_EXERCISE_
With pictures left out, please repeat word for word the lines from the one containing "Archival Cinema Stills" through the end of the records.

_DATA UNDER STUDY_
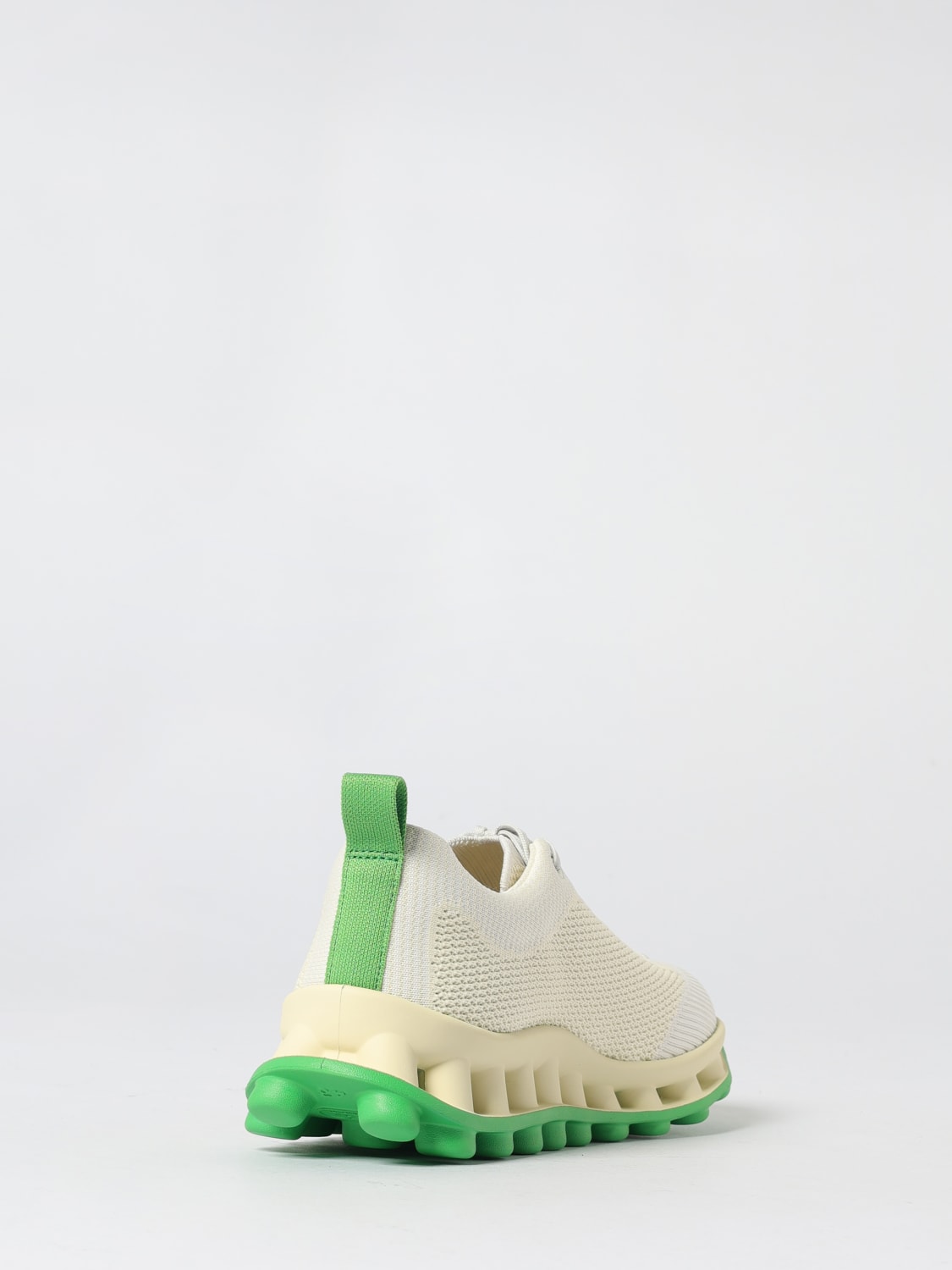 CAMPER SNEAKERS: Sneakers men Sunnei, White - Img 3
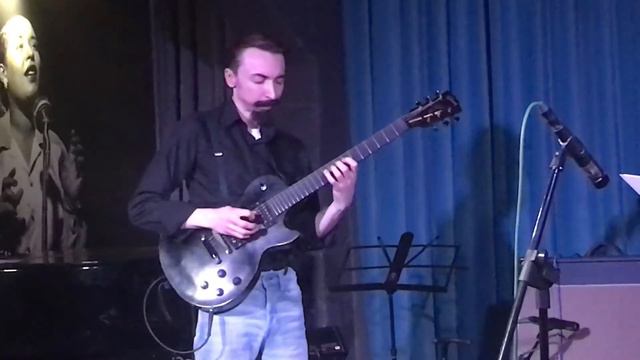 Back to dream (Даниленко Иван) смотреть онлайн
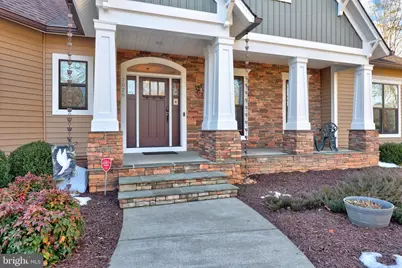 7026 Barclay Drive, Fredericksburg, VA 22407 - Photo 4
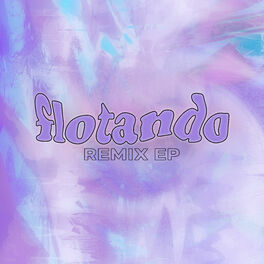 Album cover of Flotando (Remix)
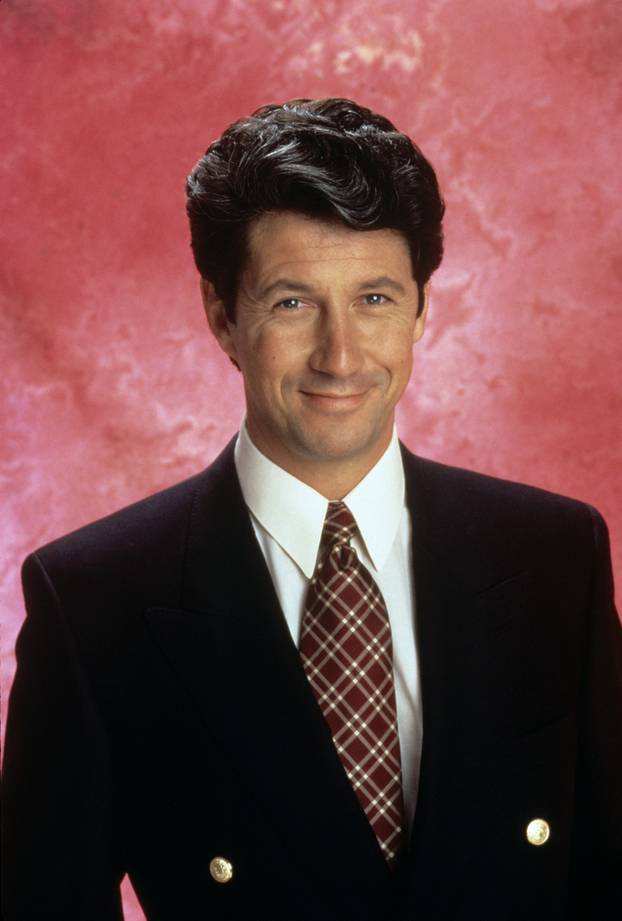 Archival Cinema Stills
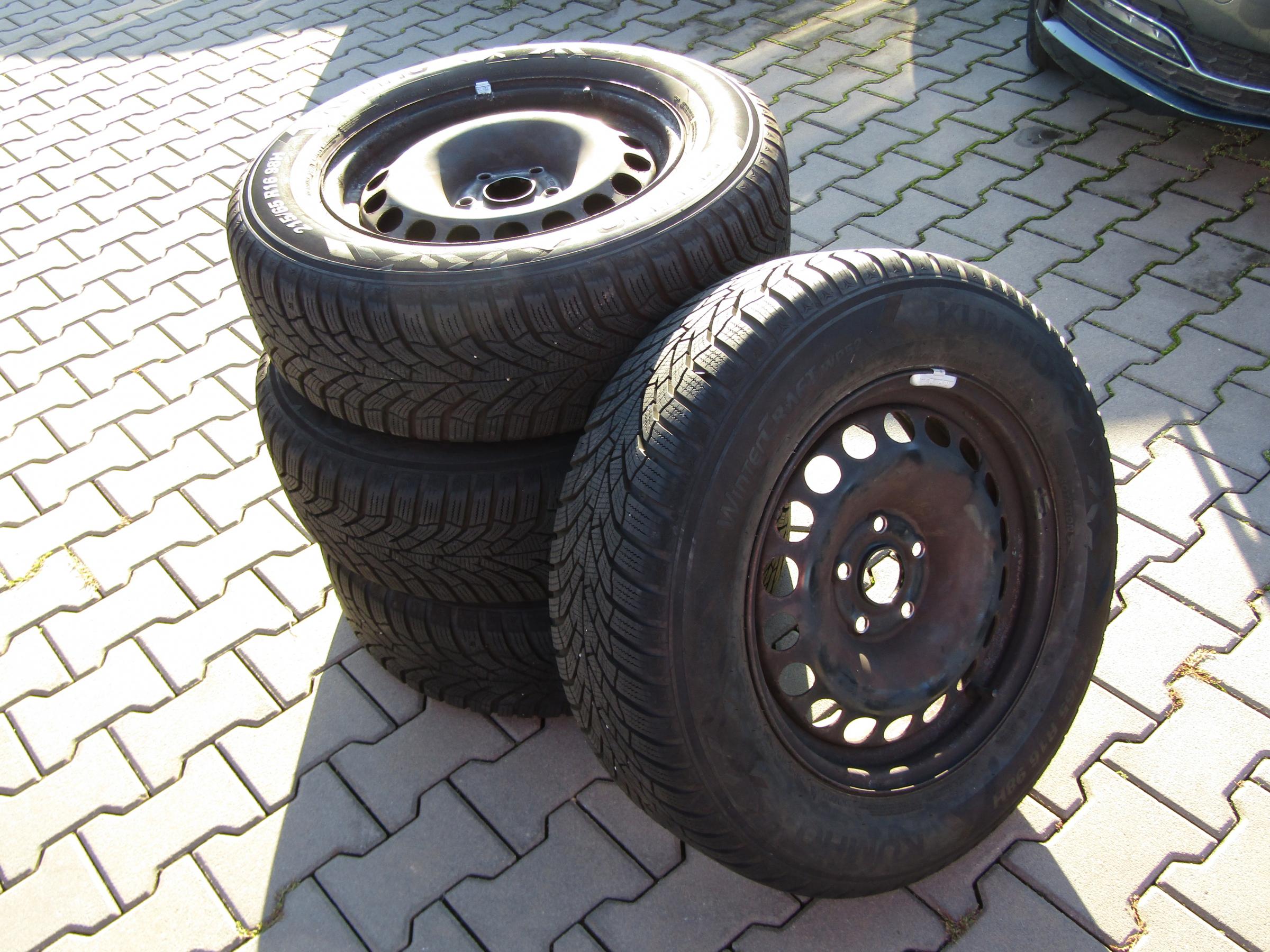 Volkswagen Tiguan, 2013 - pohled č. 20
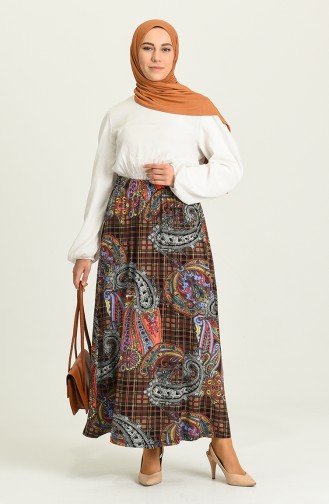 Brown Rok 8293-01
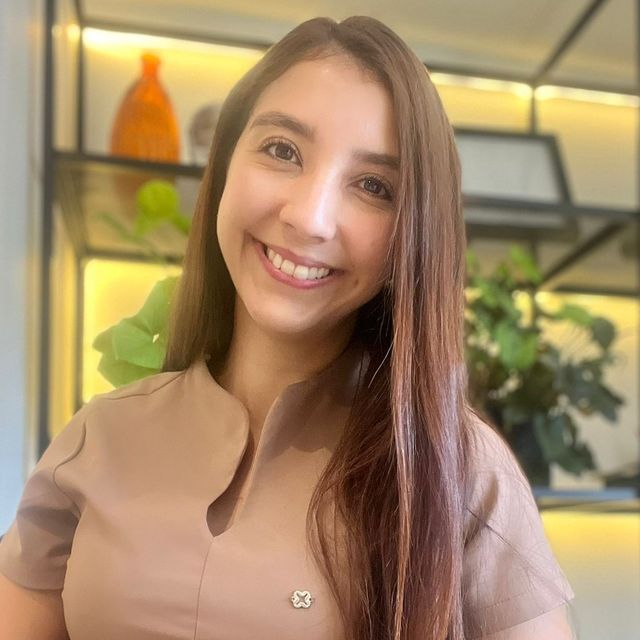 Katherine Pastrana Arias, Psiquiatra Pereira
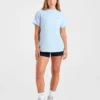 Dedicate To The Journey Oversized T Shirt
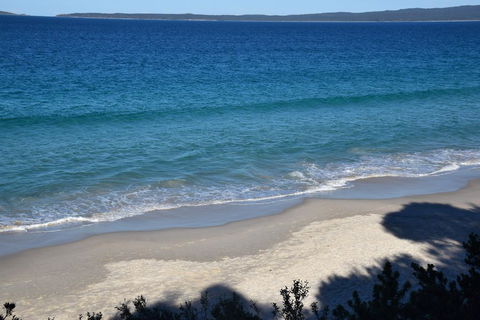 Tranquillity Beach House - Accommodation Bookings 1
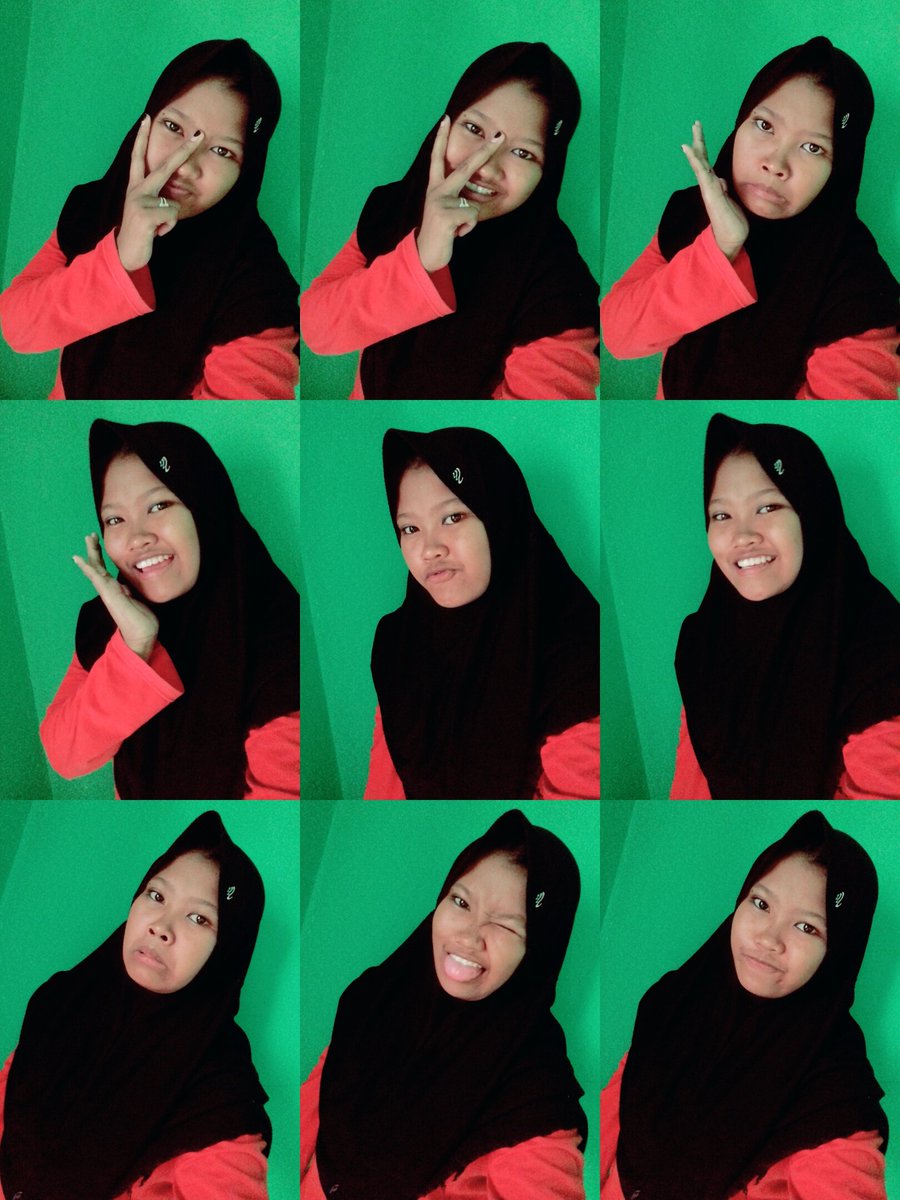 AzkaFauziyyah's tweet photo. ANF 😍😘😙😚💋 https://t.co/GyznrjL7TY
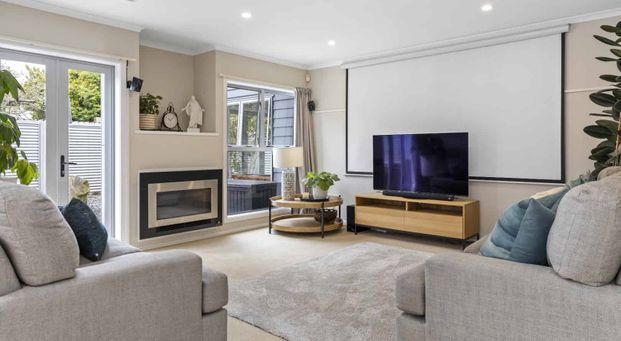 Modern Comfort in a Prime Location - Photo 1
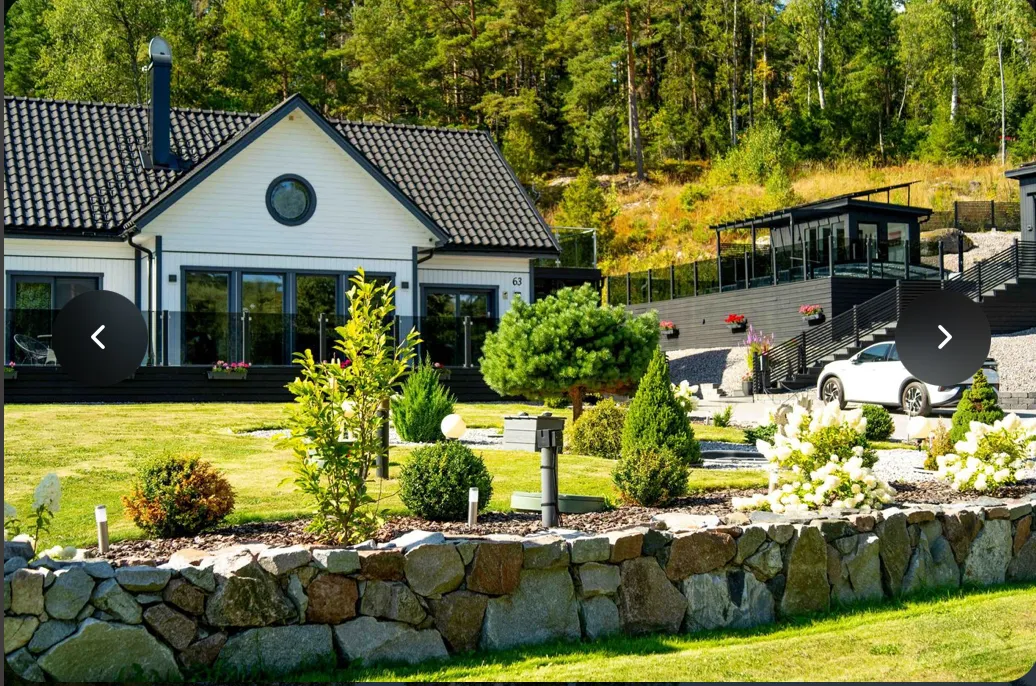 Hyresbostad på Åkersberga i akersberga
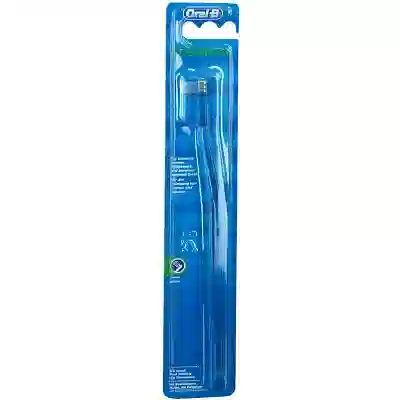 ORALB INTERSPAZIALE SPAZZOLINO MONOCIUFFO MANUALE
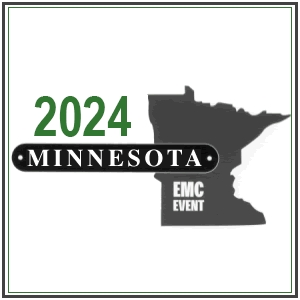 2024 Minnesota EMC Event to be Held on 19th September, 2024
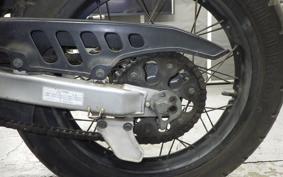 YAMAHA SEROW 225 Gen.3 1992 DG08J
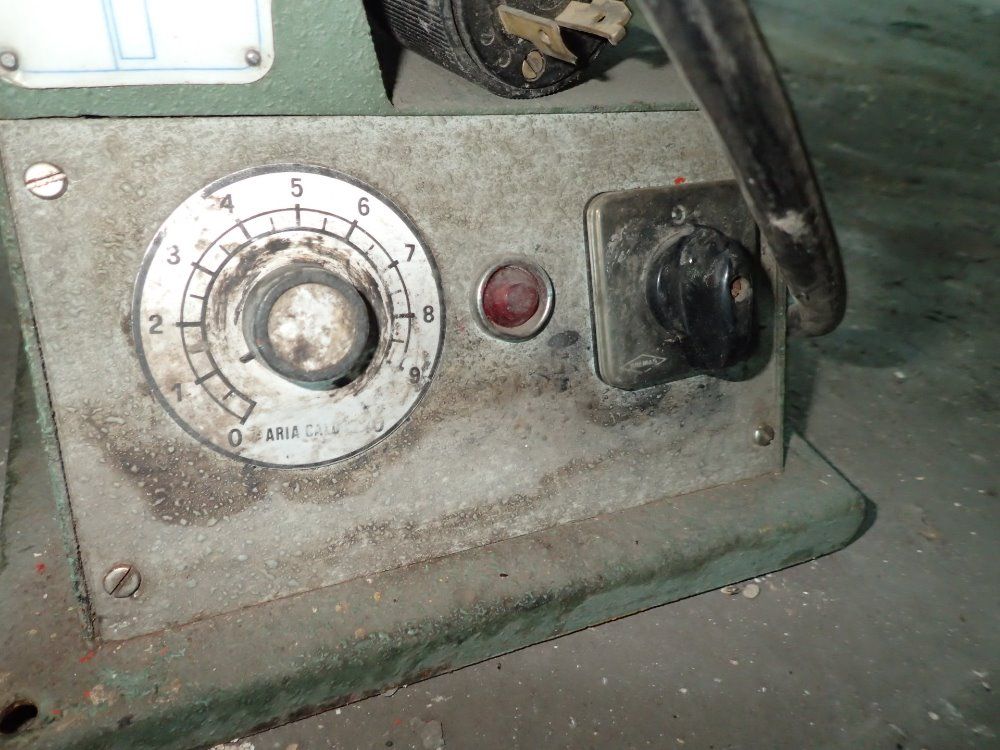 Hudson Heat Blower - Bc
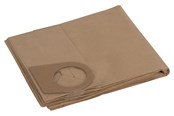 Haus & Garten - Bosch PAPIRFILTER 5 STK - 1609201628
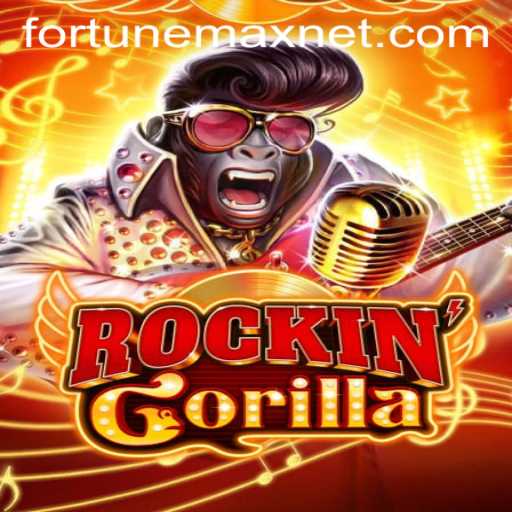 Explore the Thrilling World of RockinGorilla and FortuneMax
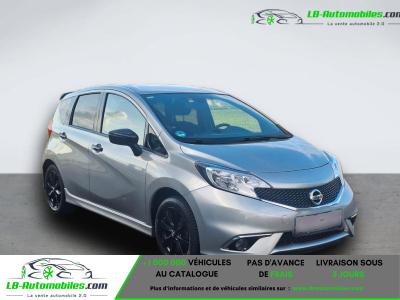 Nissan Note 1.2 - 80  BVM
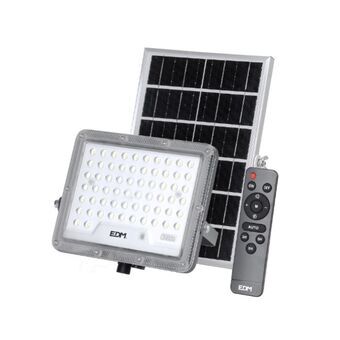 Floodlight/Projektorlampa EDM 31858 Slim 200 W 1800 Lm Sol (6500 K)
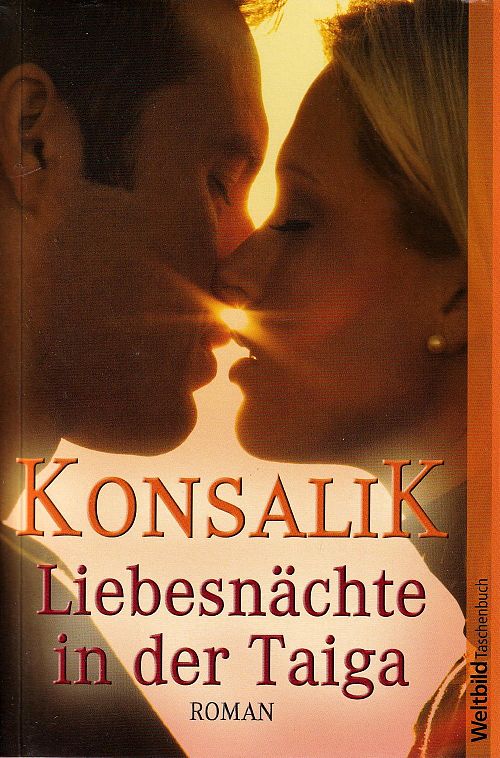 Liebesnächte in der Taiga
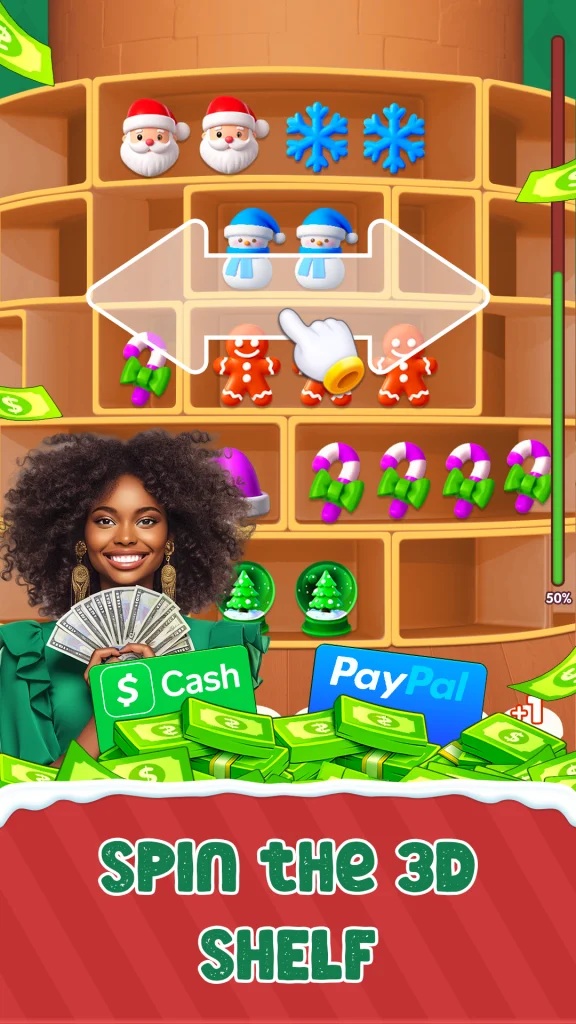 Descargar Holiday Factory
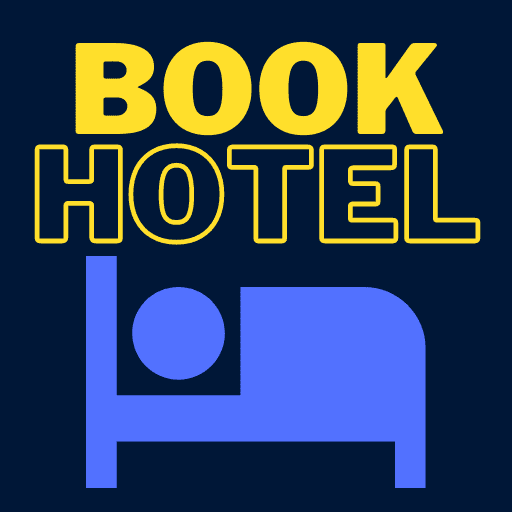 book hotel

_TASK OUTPUT_
 Archival Cinema Stills
 Volkswagen Tiguan, 2013 - pohled č. 20
 Brown Rok 8293-01
 Katherine Pastrana Arias, Psiquiatra Pereira
 Dedicate To The Journey Oversized T Shirt
 Tranquillity Beach House - Accommodation Bookings 1
 AzkaFauziyyah's tweet photo. ANF 😍😘😙😚💋 https://t.co/GyznrjL7TY
 Modern Comfort in a Prime Location - Photo 1
 Hyresbostad på Åkersberga i akersberga
 ORALB INTERSPAZIALE SPAZZOLINO MONOCIUFFO MANUALE
 2024 Minnesota EMC Event to be Held on 19th September, 2024
 YAMAHA SEROW 225 Gen.3 1992 DG08J
 Hudson Heat Blower - Bc
 Haus & Garten - Bosch PAPIRFILTER 5 STK - 1609201628
 Explore the Thrilling World of RockinGorilla and FortuneMax
 Nissan Note 1.2 - 80  BVM
 Floodlight/Projektorlampa EDM 31858 Slim 200 W 1800 Lm Sol (6500 K)
 Liebesnächte in der Taiga
 Descargar Holiday Factory
 book hotel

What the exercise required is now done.